The Chiefs special teams issues are like a team that can’t shoot free throws. You know it’s going to come up at a really critical time in the season. https://t.co/O8cLE5wGBq— Carrington Harrison (@cdotharrison) November 13, 2022
Sunday’s 27-17 win against the Jacksonville Jaguars was just another showcase for the unit’s struggles. Butker missed another extra point, dropping his season rate to 88.2%. The Chiefs were caught off guard by an onside kick after a miscommunication about how to call the coin toss to start the game. There was a fumble while recovering a squib kick — and more adventures in fielding punts, with their third returner (Kadarius Toney) in as many weeks.
Kansas City had already lost a game on special teams alone — and if not for the greatness of quarterback Patrick Mahomes (and the Chiefs’ defense, which prevented the Jaguars from scoring after recovering their onside kick), Sunday’s game could have been another one.
Special teams has long proved to be an edge for the Chiefs — but this season, it’s proven to be a greater edge for the opponent.
To be fair, this could all be classified as the NFL version of first-world problems. There are about 30 teams in the NFL that would love for their biggest concern to be special teams.

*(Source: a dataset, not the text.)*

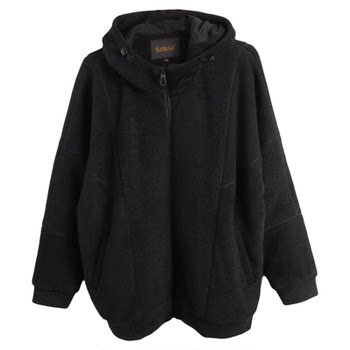 Fat lady thick coat, hooded, casual loose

And to be clear, it’s not all on special teams coordinator Dave Toub. In Kansas City, he has earned the benefit of the doubt.
But there needs to be some level-headedness. The Chiefs need to change their approach.
The bottom line
The Chiefs have the NFL’s most valuable player: Mahomes. In Travis Kelce, they also have a Hall of Fame tight end — and a Hall of Fame play-caller in Andy Reid. Their offense is among the best in the league — and the defense appears to be improving week after week.

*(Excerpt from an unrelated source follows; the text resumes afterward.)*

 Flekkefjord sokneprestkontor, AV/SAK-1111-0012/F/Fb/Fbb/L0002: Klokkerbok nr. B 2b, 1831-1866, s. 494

Kansas City just isn’t the kind of team that needs every little advantage to win a game (Remember: against Jacksonville, the Chiefs had a minus-3 turnover margin). The team needs to eliminate special-teams mistakes and let their stars take over.
Stop running the ball out of the end zone. Instead, kneel down. Give Mahomes the ball at the 25-yard line. Stop kicking the ball short to try to get a coverage stop on the return. Kick the ball through the end zone — and let Chris Jones rush the passer.

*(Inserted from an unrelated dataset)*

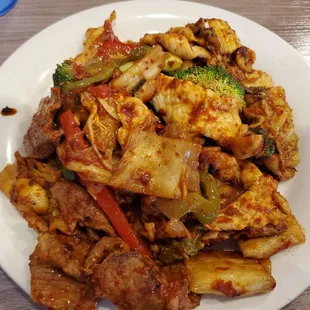 Kimchi chicken and beef fresh stir fry from hibachi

For a long time, Toub has had a lot of say in the construction of the roster. As one of the most accomplished special teams coordinators of all time, he’s earned that right. But because of the youth movement that was needed in 2022, Toub doesn’t have a lot of his guys on the roster; there are many young players in his unit.
The Chiefs need to stop acting as though Hill is still back there fielding punts and kicks. They need to stop acting like Butker is healthy by frequently asking him to make 45-yard yard field goals. Most of all, they need to remember what they are: a dominant offensive team.
Here’s the good news: all of this is in the control of the coaching staff; aside from Butker’s health, all of this can be corrected by coaching. There is also a clear upside to Toney as a punt returner — and Townsend is having his best season.
As long as slight adjustments are made to its approach, there is every reason to have faith in Kansas City’s special-teams unit.